BBC Television Centre Apartments
The history of the BBC Television Centre is magnificent. The new development, even with its luxury penthouses, a Soho House hotel, and prized transport links, is far from equalling the entertainment that’s been created there.
But the transformation from what had recently become a dated building is impressive nonetheless. A village centred around the famous ‘doughnut’ has been created, with gardens, a cinema, cafés, restaurants, and various other amenities that draw in those able to pay for such loveliness.
The Helios apartments and penthouses circle the Helios statue. Homes in the reimagined Grade II listed Courtyard Apartments retain many original features, such as exposed concrete beams, aluminium-framed windows, polished concrete flooring and distinctive, gently-curving walls. Designed in one curving row, The Crescent Apartments feature large expanses of glazing and balconies with views over the private gardens or Hammersmith Park.
Some people are already moving into their apartments that they secured over a year ago. Prices start at around £900,000 and go up to about £7 million – that latter figure gets you a rooftop penthouse apartment. While price varies, the endearing aspect of buying a slice of British broadcasting history echoes through every wall. Doctor Who, Blue Peter, Fawlty Towers – just three of the shows that were contrived on the site.
The World’s First Custom-Built Studio Complex
The BBC ‘campus’ is 14 acres. A statue of the Greek sun god Helios stands proud at the centre of it all. It was the world’s first custom-built studio complex for television and radio, with 400 offices for 3,000 people, studios, dressing rooms, equipment stores, wig-making departments, a hair salon, make-up areas, wardrobe space for 16,000 items, libraries for scripts and music, and band rehearsal rooms, among other things. It was first conceived as a scribble on the back of an envelope by architect Graham Dawbarn.
The apartments are the work of Paul Monahan and Suzy Hoodless. Together, the designers have given the flats a ’50s, retro edge, with subtle colours and notes from the past – including original pieces salvaged from the original television studios. The result is a canny blend of old and new – a nod to the eccentric past of British television in a globally diverse capital.

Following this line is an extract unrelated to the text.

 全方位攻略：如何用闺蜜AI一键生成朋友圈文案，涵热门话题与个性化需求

The overarching vibe I felt though was modernity. The tiles in the bathrooms are made in Italy, the flooring isn’t parquet – as ‘is often the case with projects like this,’ noted Paul – but diagonally constructed wood. The kitchens are fresh-looking, and, as Paul mentioned, the plentiful storage takes inspiration from Tokyo apartments of a similar nature. The bedrooms are light and hued. Bedrooms are kitted out with walk-in wardrobes.
Many of the flats are situated within a crescent around the ‘doughnut’. The main entrance to private residences is through the ‘stage door’, full of abstract mosaic murals, in a concierge lobby.

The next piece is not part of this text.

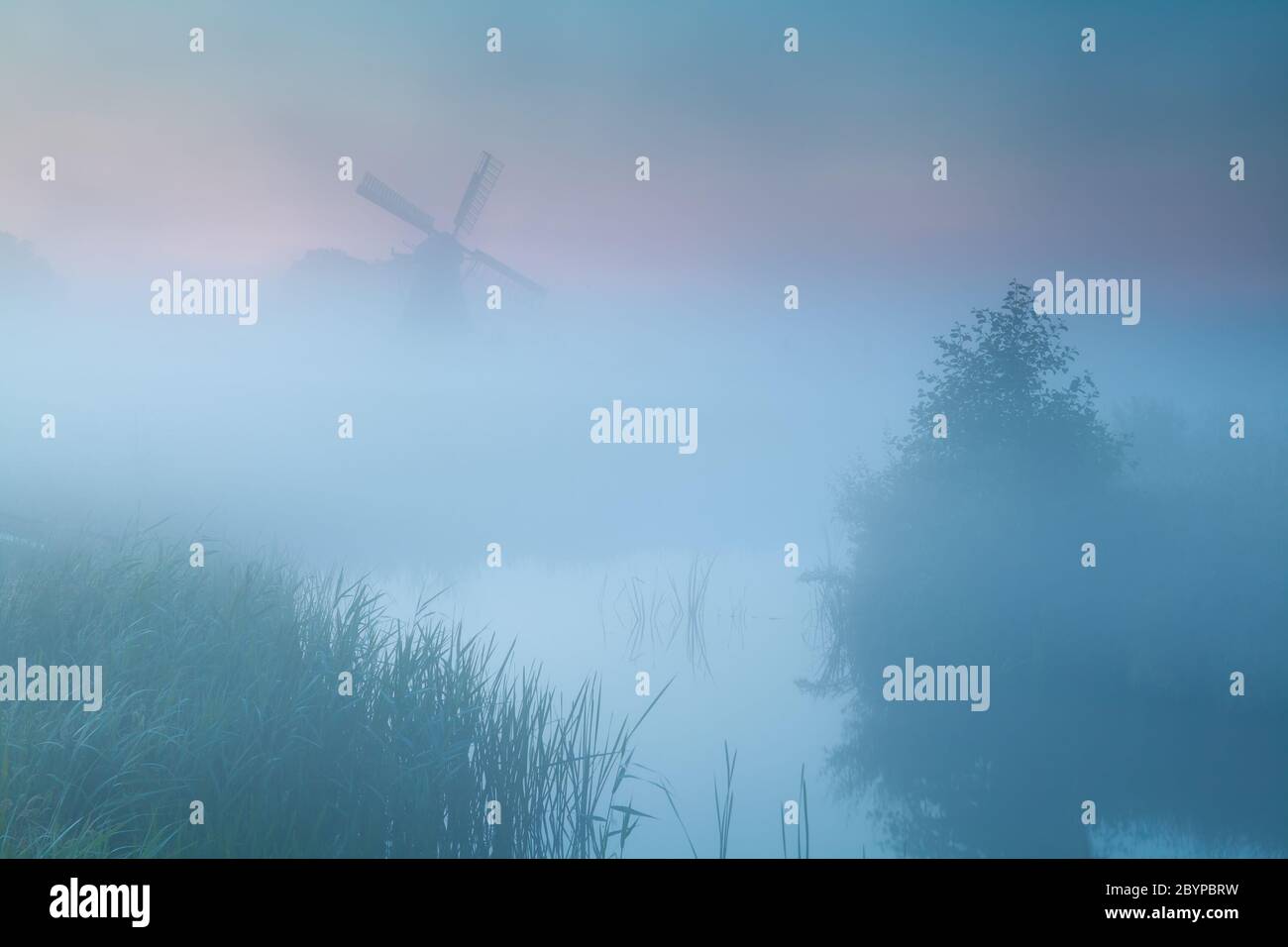 Bush Sunrise With Silhouette High Resolution Stock Photography and ...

Explaining the interiors, Monahan said: ‘What we’ve done is transformative. These apartments are a little bit of history, and we’ve incorporated a retro edge. The colour palettes use browns, dark shades with white, and odd spots of colour. We wanted liveable space – somewhere people could entertain and actually live in. The storage was a big factor, and the additions of ‘monkey doors,’ for example, which allow bathrooms to be for either guests or as an en suite.’
Hoodless, who we spoke to about the project, reiterated the point that she ‘wants to capture the essence of the area, as well as the depth of history of the site’ with ‘interiors that are modern, classic, confident, comfortable and design-led.’
But as elegant and stylish as the design, the concept, and the structure, as the BBC Television Centre writes, enticingly, the heritage is clearly the biggest pull: ‘They called it the home of British television. You can call it home.’ And that, however much the building has changed, remains.
A second Bluebird Cafe is transforming the former home of the BBC to a hub of activity and life, adding to the hustle and bustle.
For 20 years Bluebird has been a historic Art Deco restaurant, café and retail venue on the Kings Road in the heart of Chelsea. The new 5,000 square foot site in White City includes a café, bar, deli and an outdoor terrace, and is sure to be as popular as the Chelsea outpost.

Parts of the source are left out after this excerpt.